Book Review: Louder Than Hell

For journalist-authors, there are myriad ways to tell a story. The easiest – and often most effective – is to write the story as narrative, and insert quotes from those who were there to supports the assertions made in said narrative. It’s a tried-and-true method that works, and readers can follow it.

But there’s another method that can be even more rewarding if executed deftly. The oral-history approach lines up quotes from the story’s principals, weaving together a narrative of its own. In this format, the author remains nearly invisible, entering on rare occasions to provide context, and/or to bridge some gaps in the story. This approach presents much greater challenges for the author, for any number of reasons. Not least of these is the fact that this writing style requires and presupposes a massive amount of source material.

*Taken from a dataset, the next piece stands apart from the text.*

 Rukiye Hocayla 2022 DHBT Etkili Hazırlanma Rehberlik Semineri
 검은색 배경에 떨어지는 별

Jon Wiederhorn and Katherine Turman clearly have that based covered; for their new book Louder Than Hell: The Definitive Oral History of Metal, the duo draw upon a staggering cache of interviews. And those quotes form nearly the entirety of the 700-page book. Louder Than Hell starts off – as you would expect – surveying the roots of the genre, exploring how it evolved (or, as its detractors might say, devolved) out of other forms. For me, this chapter, covering 1969-70, was one of the two most interesting. The other was the one that followed it, a look at 1970s metal (Black Sabbath, Judas Priest and other heavyweights of the era).

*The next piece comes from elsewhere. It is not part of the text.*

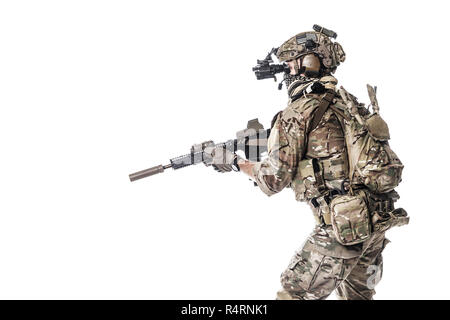 Army Ranger in field Uniforms Stock Photo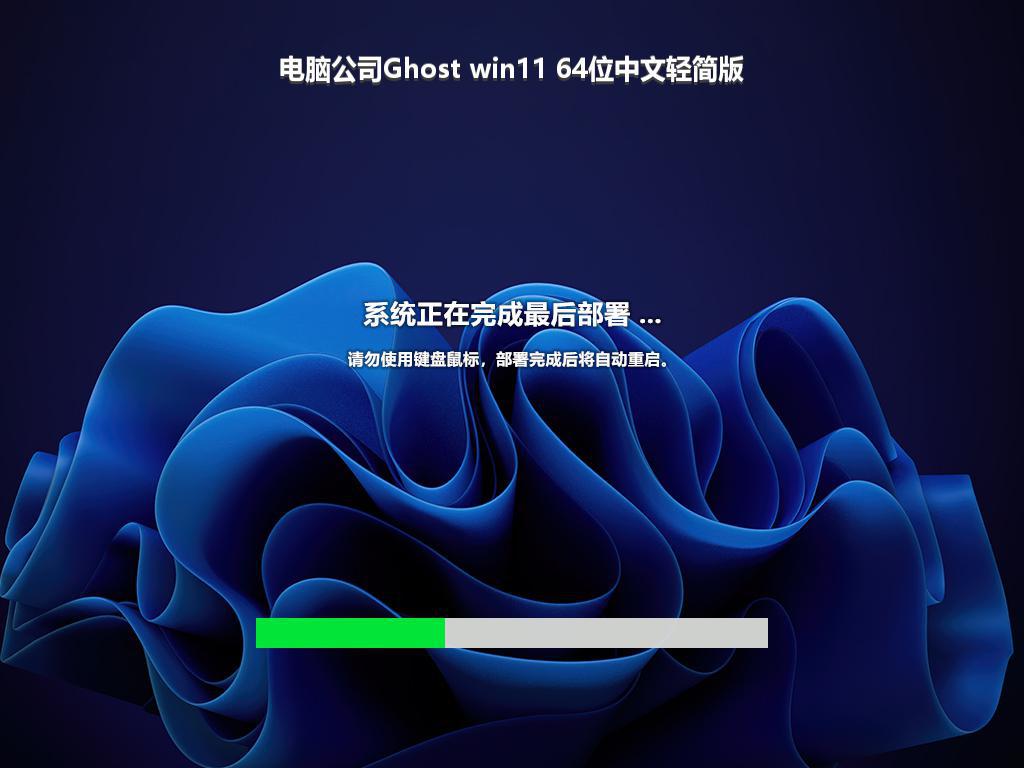 电脑公司Ghost win11 64位中文轻简版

As is the case with nearly every musical genre, after about 1980, the music landscape became so segmented, so compartmentalized, that subsequent forms often fall into the “niche” category. As the saying goes, in the 70s, everybody knew who Led Zeppelin was, even if they didn’t like their music. That was simply the universal nature of pop culture in those days. But by the following decade, things had migrated to more of a narrow-casting model; as such, one could live one’s days as a reasonably serious music fan and still not have ever heard, say, Vixen.

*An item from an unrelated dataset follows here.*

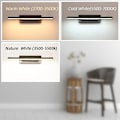 Miniatyrbillede 5 af 5: Skandinavisk LED Vægslampe Moderne Enkel Soveværelse Sengelampe Kreativ Trappebelysning Stue Roterende Vægslampe 1 stk (Varmt Hvidt Lys)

For the metal fan, however, Louder Than Hell will feel like a godsend (or a devilsend, as the case may be). The extended quotes from nearly everyone important in metal are woven together seamlessly. Sometimes a pair of quotes will make opposing assertions, leaving it to the reader to sort out wherein lies the truth. Other times, the truth is approached from several angles, providing a more balanced picture of what-really-happened.

And what happened, mostly, was sex and drugs. Lots of sex, and lots and lots of drugs. Louder Than Hell is filled – I mean, filled – with stories of drug overdoses, bus crashes, orgies, drunken brawls, suicides, murders…all manner of fun and games. And on some level, this is where the book becomes problematic. Because as rich a story as it tells, Louder Than Hell is, at its core, the story of a bunch of guys (yeah, mostly guys) whom you might not wish to meet in person. Truth be told, it’s quite difficult to actually like many of the characters who appear in Louder than Hell. Try as you might, you may have difficulty getting past their wanton misogyny, drug abuse and general arrested emotional development.

As the story progresses, the characters seem to get meaner and shallower, with some notable exceptions. The hair-metal guys, for example, come off (with rare exceptions, such as Don Dokken and the late guitarist Randy Rhoads) as a crassly cynical bunch; it’s not hard to think that if they had thought they’d get more sex and drugs playing bluegrass – or digging ditches – many would have willingly followed that path.

And when Louder Than Hell gets into the darker netherworlds of nu metal, death metal, black metal and thrash metal, heroes are harder to find. Even most of the straightedge hardcore guys come off as, well, assholes. And the music seems to get less interesting, too: the quotes make it clear that the genres were as much about the “scene” as anything else. Those quoted go to great pains to assert any number of things: (a) I invented this shit; (b) the other guys stole my ideas; (c) we’re at the forefront of the scene; (d) we’re outside the scene and everybody else is a poseur. And so on. The narrative arc of nearly every chapter ends with the demise of its subject subgenre.

As it progresses, Louder Than Hell seems to chronicle the story of a genre that almost disappears up its own ass: how many reading this have ever heard anything by Slipknot (an especially unsavory lot; and who the hell needs nine people in a band?) There’s a heartfelt apologia at the book’s end, courtesy of Judas Priest’s Rob Halford, making the metal-will-never-die argument, but then of course there would be. Clearly there are interesting and valid things happening today in metal (Mastodon, Tool and Metallica, for example), but the days of the genre exerting significant influence on culture in general seems to have passed. And with annoyingly self-important, pretentious characters like the crew of Avenged Sevenfold, plus a long parade of why-are-you-so-angry acts, that’s probably just as well.

But with all that said, even for someone who has little interest in the music chronicled in the second half of Louder Than Hell, the book remains a must-read. The world of heavy metal couldn’t wish for a more through survey than this book provides; it truly earns its “definitive” tag.